Dr. Hardiman: Kabby came from Oakland California where he danced with several dance studios and companies after he graduated from high school. He then went to New York and studied at the Dance Studio of Harlem. After that he traveled around the world dancing in Mexico, Brazil and Holland. He eventually got recruited in Washington as the first black lead dancer with the Pacific Northwest Ballet Company. He went back to school to get his masters in Dance and minor in African American Studies and started teaching dance Evergreen State College.
PSP: How did you meet Kabby? Do you dance?
Dr. Hardiman: No, but I do have a background in theater. I taught at Evergreen with Kabby and was a former Executive Director at the college. My area is diasporic studies, women and cultural studies.
PSP: What went into opening a dance studio like T.U.P.A.C.?
Dr. Hardiman: A lot! Unfortunately Kabby died 2 months ago and they had already put the lease out on the building and did his design concept. He and Claire Etheridge (his partner) had already worked together on the concepts. So Claire had to make this really amazing decision to basically carry on Kabby’s legacy and pull together a bunch of people who dearly loved and supported him to come together in 2 months and completely paint the studio, get the word out and line up classes.

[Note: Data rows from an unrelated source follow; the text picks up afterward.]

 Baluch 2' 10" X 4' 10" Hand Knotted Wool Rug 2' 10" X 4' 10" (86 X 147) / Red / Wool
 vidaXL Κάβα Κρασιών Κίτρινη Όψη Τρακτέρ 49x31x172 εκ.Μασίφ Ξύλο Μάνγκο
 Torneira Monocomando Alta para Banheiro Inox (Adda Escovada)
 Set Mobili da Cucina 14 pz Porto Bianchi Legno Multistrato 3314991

PSP: Can you tell us about this building?
Dr. Hardiman: When I walked into the building it felt like I was back in Harlem. Downstairs is a gallery, on the second floor is a nightclub and the dance studio is on the third floor. This has the potential to really be a mecca for urban dance performance in this area.
PSP: How important is it to have a dance studio like T.U.P.A.C. in Tacoma?

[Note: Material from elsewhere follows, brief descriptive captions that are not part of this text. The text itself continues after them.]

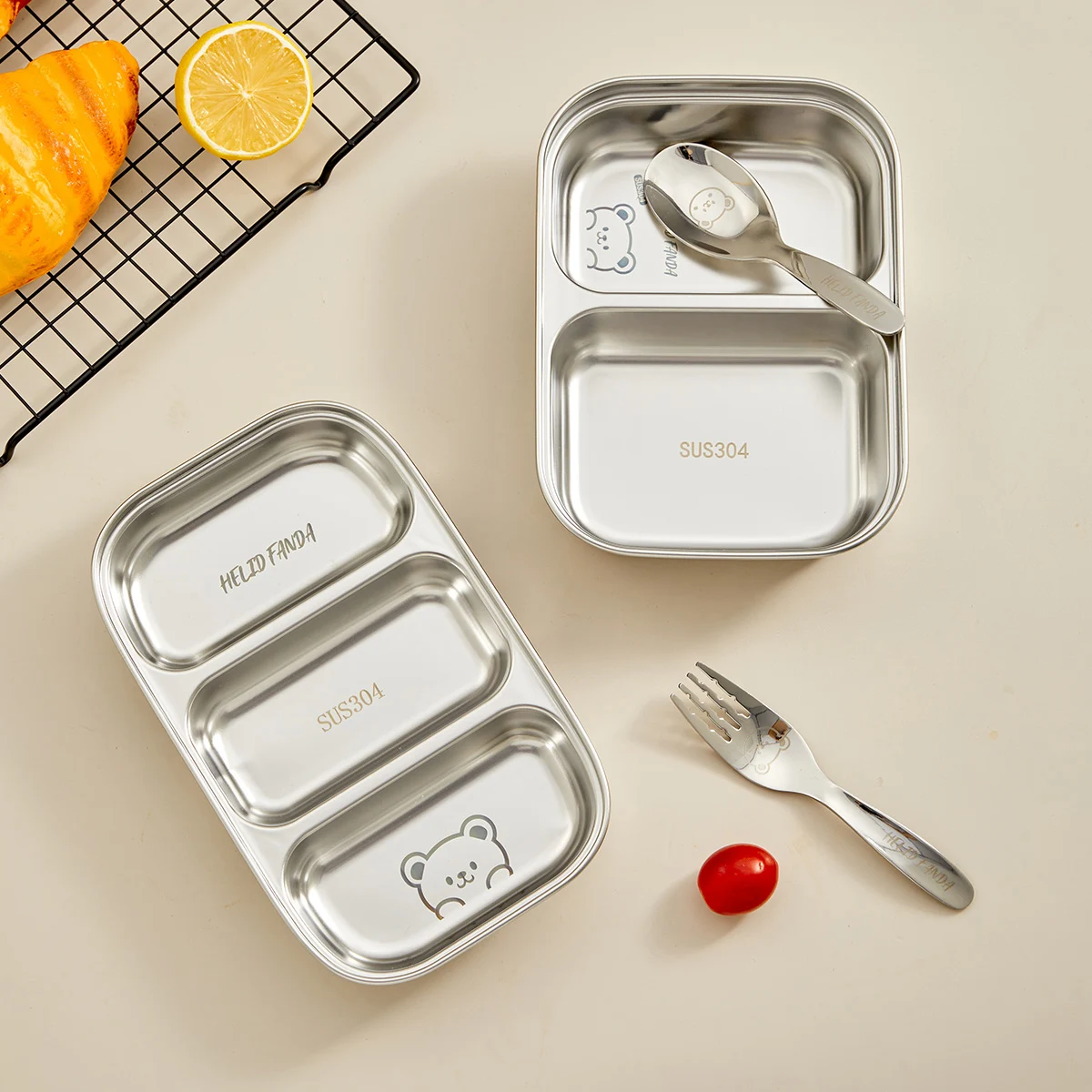 Plato de comida de acero inoxidable 304 con compartimento, plato de ensalada de frutas reutilizable portátil, platos de cena para niños, vajilla apta para lavavajillas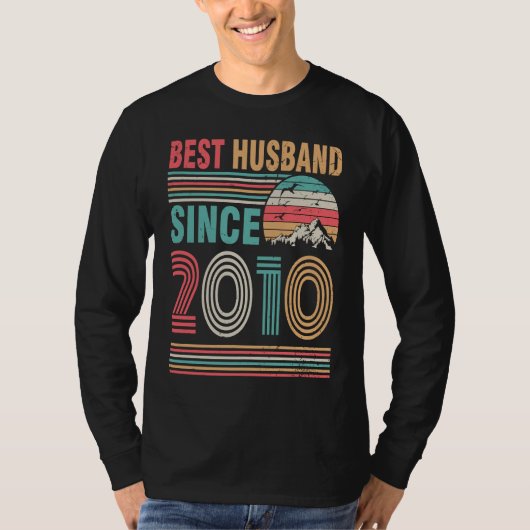 Best Husband Since 2010 Happy Wife Bride Groom Wed T-shirt (Voorkant)
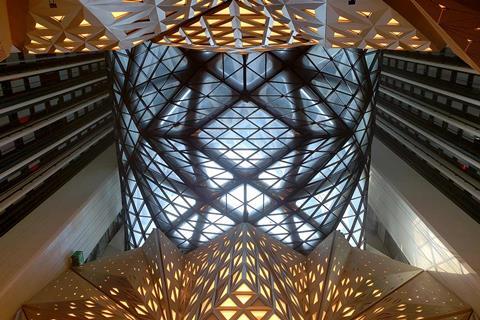 Atrium of the Morpheus Hotel in Macau, designed by Zaha Hadid Architects and delivered in conjunction with BuroHappold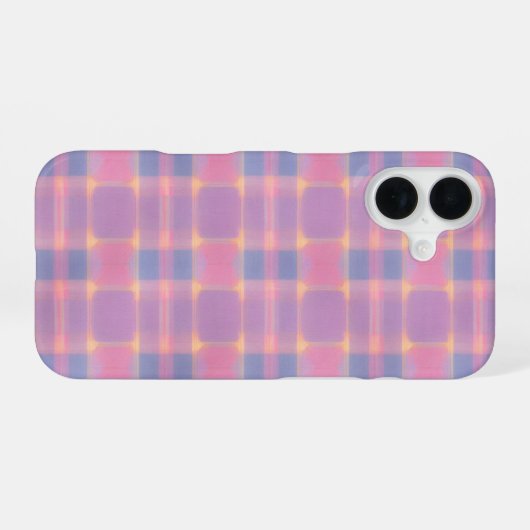 Pastel Pink & Purple Soft Plaid Phone Case iPhone 16ケース (裏面横)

Dr. Hardiman: It is so critical, kids need the opportunity and options where places that appreciate us. Black girls have been told too long that their butts and hair don’t fit classical dance. Black boys have been told that it’s not cool to be a dancer and all those are myths that need to be exploded. Children need to understand the beauty of dance and it’s also a language because it trains your mind and body.

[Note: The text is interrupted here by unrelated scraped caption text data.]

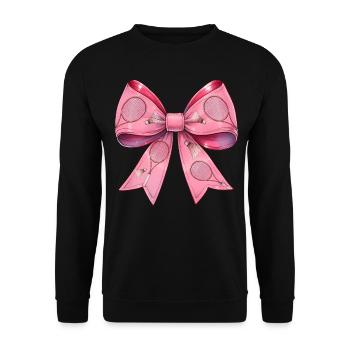 Coquette Bow Raquette de Badminton Rose - Sweat-shirt Unisexe - noir - Devant - Alina (178cm) & Michal (187cm)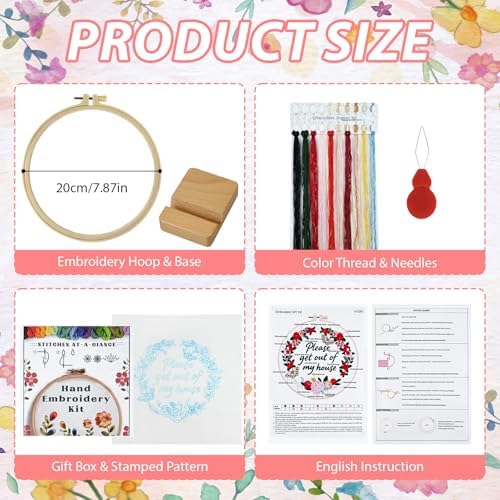 ElasignShopo Embroidery Kit for Beginners Adults – Funny Please Get Out of My House Cross Stitch Kit, Floral Butterfly Pattern Embroidery Starter Set with Hoop, Needles, Threads & Instructions
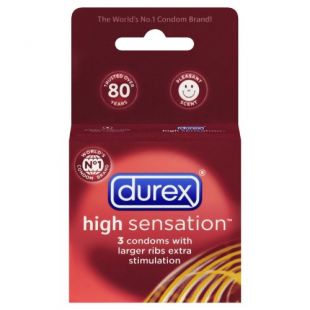 Durex High Sensation Lubricated Condoms,3 Condoms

PSP: What classes are available?
Dr. Hardiman: Summer classes begin on Monday (July 10) through August 25. For 7 weeks, 5 days a week kids from 6-13 and 13-18 will take classes in Ballet, Hip-hop, Liturgical and West African. We’ll also do character work, talking to the kids about who they are what’s beautiful about them and their bodies. You can find out more at www.tacomaupac.org or come to the studio and register, we start classes Monday. Our very first set of ballet classes will be taught by a member of the Dance Theater of Harlem.